── Data shown
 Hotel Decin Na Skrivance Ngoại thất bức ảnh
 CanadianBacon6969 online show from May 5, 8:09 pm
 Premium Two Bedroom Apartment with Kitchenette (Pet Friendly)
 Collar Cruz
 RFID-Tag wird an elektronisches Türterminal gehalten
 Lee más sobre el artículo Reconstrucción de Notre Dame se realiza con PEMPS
────
── Data shown
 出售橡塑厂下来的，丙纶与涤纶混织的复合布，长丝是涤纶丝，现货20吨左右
────
The task
Above are the records. Print exactly, and only, the lines from the line with "Hotel Decin Na Skrivance Ngoại thất bức ảnh" to the line with "Lee más sobre", both inclusive.

Reply to the exercise
 Hotel Decin Na Skrivance Ngoại thất bức ảnh
 CanadianBacon6969 online show from May 5, 8:09 pm
 Premium Two Bedroom Apartment with Kitchenette (Pet Friendly)
 Collar Cruz
 RFID-Tag wird an elektronisches Türterminal gehalten
 Lee más sobre el artículo Reconstrucción de Notre Dame se realiza con PEMPS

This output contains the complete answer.